Богема: Опыт сообщества
Шрифт:
Действительно, есть нечто в этих фильмах и текстах, что заставляет их казаться «интеллектуальными» и достойными внимания сразу же, без включенности в них, по чисто внешним признакам. Дело в том, что перед нами опять же не литература и не кино, а серия поз, отмечающих моменты интеллигентности, даже — аристократичности. Они проводят свою эстетическую линию, ориентированную не на восприятие абстрактным зрителем (читателем), но на восприятие особой средой, конвенционально разделяющей все те знаки (здесь: моменты экспозиции) «интеллектуальности» и «хорошего вкуса», которые в большом количестве предлагает Кайдановский, которые стали еще одним важным элементом, дополнительным его внешности. Имена, названия, темы — лишь видимая часть «ценностей», через которые он опознается как «свой», как тот, которого можно включить в «мы». Эти знаки причастности определенной (интеллигентской) среде не обсуждаются. Они — разделяются. Их сколь угодно хаотичный набор уже соответствует вкусу. Вкусу богемы. Той невидимой группы, основное усилие которой сосредоточено в образе жизни, всегда строящемся по правилам, которые никому в точности не известны. Это знание «истинных» ценностей сегодня и умение забыть, что было истинным вчера. Это режим существования
Тексты Александра Кайдановского вкупе с его фильмами, его ролями и воспоминаниями о нем, открывают для нас нечто именно в загадочном феномене «советской богемы». Он не состоялся в полной мере ни как актер, ни как режиссер, ни как литератор. Его легко можно было бы назвать человеком творческим, но лишь постольку, поскольку «быть творческой личностью» — одно из необходимых условий представителя богемы. Так же как другим необходимым условием является «быть натурщиком», но уже в более широком смысле этого слова — смотреться не на пленке, не на сцене, а в среде. Быть в состоянии «выглядеть» в той среде, вкус которой очень изменчив и подвижен, где важно быть не интеллектуалом, но разделять неуловимую эстетическую конвенцию (а в России эта конвенция оказывается благодаря интеллигенции еще и этической). Здесь и талант, и творчество имеют совсем иные характеристики. Умение стать средой, быть «своим другим» для каждого ее представителя, но при этом быть особенным вне этой среды, которая производит по преимуществу речь, движущуюся от знака к знаку, а не авторское произведение. Эти знаки сообщничества всякий раз исчезают, аннигилируют при смене точки экспозиции, но они возникают столь же моментально, никаким образом не соотносясь с предыдущим состоянием.

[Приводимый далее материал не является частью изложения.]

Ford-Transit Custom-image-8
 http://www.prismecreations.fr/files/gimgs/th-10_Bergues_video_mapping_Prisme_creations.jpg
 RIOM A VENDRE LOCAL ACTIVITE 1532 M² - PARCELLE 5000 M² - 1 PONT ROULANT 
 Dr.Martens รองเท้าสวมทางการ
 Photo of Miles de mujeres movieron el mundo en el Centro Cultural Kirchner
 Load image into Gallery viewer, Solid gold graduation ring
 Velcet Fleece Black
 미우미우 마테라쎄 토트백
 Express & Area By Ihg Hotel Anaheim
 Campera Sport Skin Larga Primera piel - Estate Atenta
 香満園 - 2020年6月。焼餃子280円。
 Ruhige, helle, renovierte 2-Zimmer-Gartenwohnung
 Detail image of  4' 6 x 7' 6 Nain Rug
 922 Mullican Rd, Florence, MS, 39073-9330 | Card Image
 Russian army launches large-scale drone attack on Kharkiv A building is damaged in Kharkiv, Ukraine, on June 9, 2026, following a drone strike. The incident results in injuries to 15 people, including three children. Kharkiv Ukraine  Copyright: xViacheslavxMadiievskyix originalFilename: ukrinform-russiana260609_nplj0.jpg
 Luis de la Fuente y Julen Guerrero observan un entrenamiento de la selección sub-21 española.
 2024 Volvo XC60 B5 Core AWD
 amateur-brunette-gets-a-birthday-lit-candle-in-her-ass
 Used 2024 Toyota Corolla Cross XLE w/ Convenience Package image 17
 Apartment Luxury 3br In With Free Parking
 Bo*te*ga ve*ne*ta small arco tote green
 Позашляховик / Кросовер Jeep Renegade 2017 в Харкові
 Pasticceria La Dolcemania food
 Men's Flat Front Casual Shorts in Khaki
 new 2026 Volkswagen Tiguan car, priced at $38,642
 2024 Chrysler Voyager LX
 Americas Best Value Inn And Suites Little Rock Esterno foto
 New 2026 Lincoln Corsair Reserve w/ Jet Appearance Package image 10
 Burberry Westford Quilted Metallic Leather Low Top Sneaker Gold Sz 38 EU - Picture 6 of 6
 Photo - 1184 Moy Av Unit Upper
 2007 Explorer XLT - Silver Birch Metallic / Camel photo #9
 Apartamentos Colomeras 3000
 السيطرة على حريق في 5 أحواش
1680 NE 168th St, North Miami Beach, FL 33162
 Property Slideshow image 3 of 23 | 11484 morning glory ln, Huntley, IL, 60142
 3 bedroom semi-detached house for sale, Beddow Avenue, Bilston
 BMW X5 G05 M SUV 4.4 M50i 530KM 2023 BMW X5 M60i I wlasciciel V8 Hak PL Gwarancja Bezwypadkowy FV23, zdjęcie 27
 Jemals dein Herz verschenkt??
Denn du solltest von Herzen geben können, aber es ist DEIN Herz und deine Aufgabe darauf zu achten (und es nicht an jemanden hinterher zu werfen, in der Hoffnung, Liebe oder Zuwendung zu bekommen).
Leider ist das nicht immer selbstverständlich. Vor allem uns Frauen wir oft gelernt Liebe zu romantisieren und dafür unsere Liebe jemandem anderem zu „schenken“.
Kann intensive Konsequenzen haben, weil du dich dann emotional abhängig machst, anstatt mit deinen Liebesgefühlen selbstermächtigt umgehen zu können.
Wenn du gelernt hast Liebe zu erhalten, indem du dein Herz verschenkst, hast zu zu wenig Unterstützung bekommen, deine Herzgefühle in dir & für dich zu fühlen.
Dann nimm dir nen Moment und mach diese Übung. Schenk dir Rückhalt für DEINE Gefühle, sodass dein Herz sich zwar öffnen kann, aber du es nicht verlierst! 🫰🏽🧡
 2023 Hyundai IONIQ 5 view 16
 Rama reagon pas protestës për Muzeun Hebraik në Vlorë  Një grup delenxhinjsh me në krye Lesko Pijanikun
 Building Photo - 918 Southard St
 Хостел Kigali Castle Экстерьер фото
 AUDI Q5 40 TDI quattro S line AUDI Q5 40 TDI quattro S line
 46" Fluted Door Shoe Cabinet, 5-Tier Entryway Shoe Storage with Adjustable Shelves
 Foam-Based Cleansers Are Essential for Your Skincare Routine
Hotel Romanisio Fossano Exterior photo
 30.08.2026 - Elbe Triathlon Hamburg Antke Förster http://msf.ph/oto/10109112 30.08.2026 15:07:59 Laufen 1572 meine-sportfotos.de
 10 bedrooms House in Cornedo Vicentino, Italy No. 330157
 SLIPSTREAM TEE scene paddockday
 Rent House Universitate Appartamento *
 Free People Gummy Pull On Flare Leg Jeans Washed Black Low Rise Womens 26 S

Богема эфемерна, следы ее отыскать крайне трудно, поскольку она существует в те редкие моменты общения внутри своей среды, и только сама она фиксирует правила этого общения. Она демонстрирует самим способом своего существования, как некоторые позы и жесты, бессмысленные и не имеющие никакой экономической ценности, могут вдруг стать, пусть даже для небольшой группы людей, предметом первой необходимости, стать воспроизводимыми коммуникативными клише, использование которых требует новой сцены.
Кайдановский — актер, а потому непросто отделить его кинематографический образ (кстати, образ одиночки, отщепенца, интеллигента — невротика) от его общественного образа. Он — актер, а потому, могут возразить, некоторая «богемность» естественно присуща ему, в отличие от ученого, например, где интеллигентность еще не должна влечь за собой богемность. Тем не менее, это актер, который прочертил границу сцены там, где уже нет публики, а есть только сообщество.
Однако и в других областях есть свои показательные примеры. Начнем опять же с «популярности». Популярность Сергея Аверинцева в семидесятые — восьмидесятые годы выходила далеко за рамки той профессиональной среды, которая могла по — настоящему оценить его научную и теоретическую работу. В чем природа этой популярности? Что такое было в Аверинцеве, что заставляло каждого причастного к интеллигентскому кругу считать его «своим», причем не просто «своим», но некоторым образцом ученого и интеллигента. Для того, чтобы ответить на этот вопрос, позволю себе привести одно личное воспоминание.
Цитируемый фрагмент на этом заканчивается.